When I saw this red Mustang parked in front of a neighbor’s house the other day, I was pretty surprised. Was this an actual Mustang Mach 1 casually parked on the street? My surprise turned to skepticism pretty quickly; after all, it’s relatively easy to turn an ordinary Sportsroof Mustang into a Mach 1 or a Boss 351 “Tribute” car.
The hood scoops on this particular car are just for show, but that doesn’t prove anything. Not every 1972 Mach 1 came from the factory with functional Ram Induction hood scoops; that was an extra-cost option. If you paid for the Ram Induction option, you also got twist-to-lock hood pins.
Nice interior, but that’s obviously not the original steering wheel. And those three small gauges in the center of the dash would normally be a bit farther down; they’re occupying a spot where an air vent should be. The yellow thing on the steering column is a screwdriver. The placement of it makes it look like a left-over from a botched theft attempt. A more likely explanation is that the owner has a sense of humor. While I was taking these pictures, a neighbor who was walking his dog asked me if it was my car. All I could say was “I wish!”
The seats look good and have obviously been reupholstered. But are those the correct door panels?
This shot taken from oldcarbrochures.org shows what you got when you checked the box for the “Mach 1 Sports Interior Option.” (The console was a separate option.) Note the little chrome bands linking the two stripes on the seats; they’re missing from the featured Mustang. Although most Clydesdale-era Mach Ones that I’ve seen have this fancy interior, some don’t, and in spite of the name, the Mach 1 Sports Interior Option was available for any Sporstroof Mustang, not just an actual Mach 1. I suppose it was possible to order a car with the Mach 1 Sports Interior Option and a straight six. Maybe somebody somewhere did just that!
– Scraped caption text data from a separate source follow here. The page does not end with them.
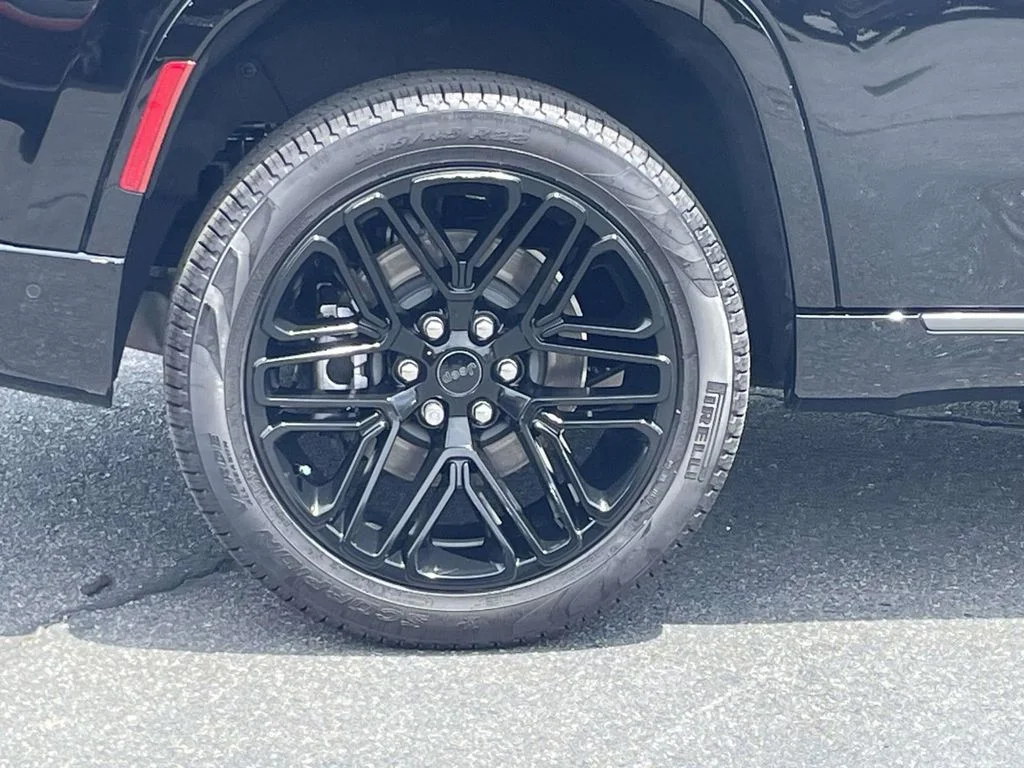 New 2026 High Gloss Black Jeep Limited Reserve image 12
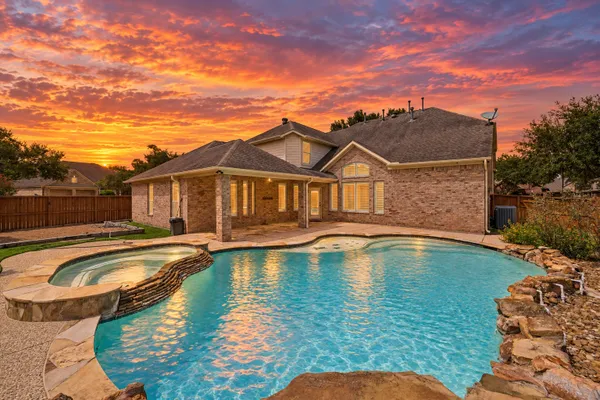 7906 EMERALD HAVEN DR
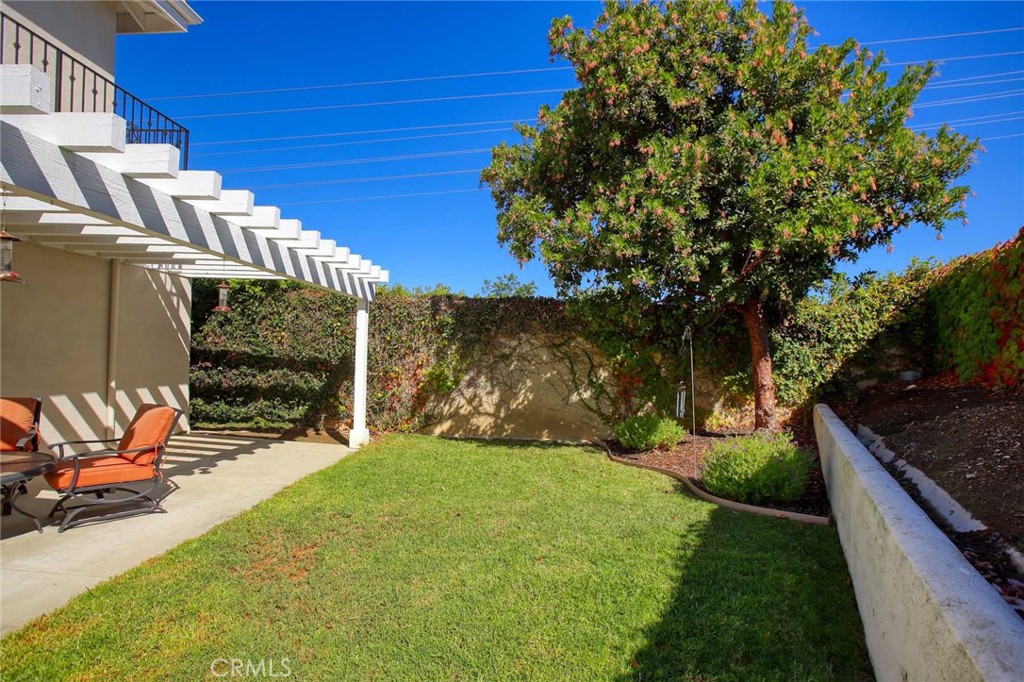 1595 E Avenida De Las Flores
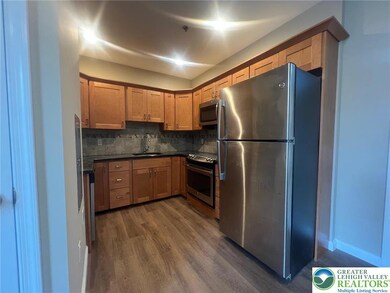 677 Broad St unit C, Emmaus, PA 18049 - photo 4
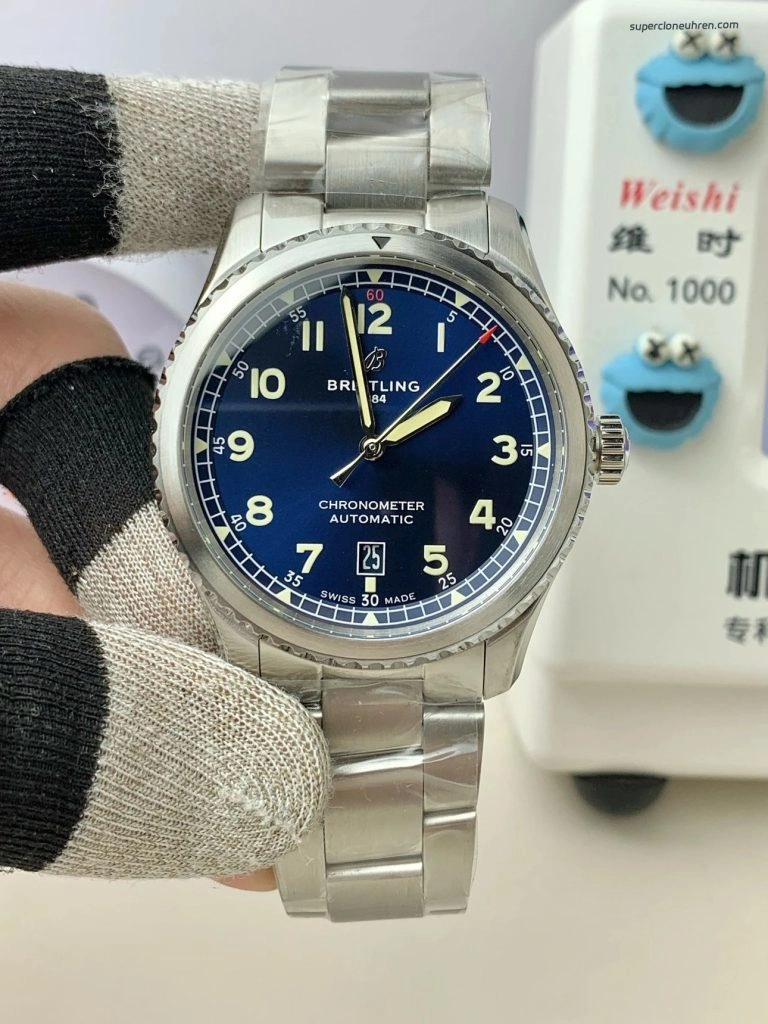 1:1 Super Clone Uhr Breitling Navitimer 8 A17315101C1A1 Blaues Zifferblatt Stahlband 41mm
Another shot from oldcarbrochures.org shows the woodgrain missing from today’s car.
That’s a heck of a profile! The steep angle of the back glass on this Mustang makes rear visibility problematic and renders the passenger-side rearview mirror a necessity. When I was in high school, I had a classmate who had a Mustang Sportsroof of 1971 to 1973 vintage. As was fashionable at the time, he had the rear of the car jacked up in order to achieve a “California Rake.” On some cars, a California Rake looks okay, but on this particular Mustang, it looked ridiculous. The back glass on that jacked-up Mustang was perfectly horizontal; a sunroof for the presumably legless rear passengers. I like the stock look of this red Mustang a lot better! Note the Magnum 500 Chrome Wheels.
Adding insult to injury, my old classmate’s car had the standard Mustang grille as seen on this notchback model, and it was even painted the same disagreeable shade of brownish-green.
I can’t see the point of having a Sportsroof Mustang with the standard grille, when the mesh grille from the Mach 1 was available as part of the Decor Group.
Back here, we see why I decided that this car was a 1972 and not a 1971. A 1971 Mach 1 would have a special pop-open gas cap, which this car lacks. And we can also see why I’ve come to the conclusion that this is a tribute car, and not a “real” Mach 1. That “Mustang” script on the right side of the trunk shouldn’t be there; for whatever reason, Ford put that script on base model ’72 Mustangs and Grandes, but not on Mach Ones. And while I’m putting everyone to sleep with Mustang Trivia, I might as well let you know that a similar rule applied to 1971 Mustangs: Base models and Grandes had “MUSTANG” spelled out in block letters across the back of the trunk, but ’71 Mach Ones and Boss 351 models did not.
This car is also missing the honeycomb-pattern filler panel that echoed the Mach 1 grille. It looks a bit naked without it.
Of course this car could simply be an example of a less-than-perfect restoration, or a perhaps it’s a genuine Mach 1 that came from the factory with different door panels and the wrong trunk lid However, odds are it’s a tribute car. There’s no way to know for sure without taking a peek at the VIN (“05” for Mach 1 and “02” for not), but the evidence so far is pretty conclusive.
Many of us put a high premium on originality, myself included, but I think I can make an exception for this particular car. The owner of a genuine numbers-matching Mach 1 might be afraid to drive his car, but the owner of this clone showed no such fear. As I am fond of saying, “Cars are made to be driven.”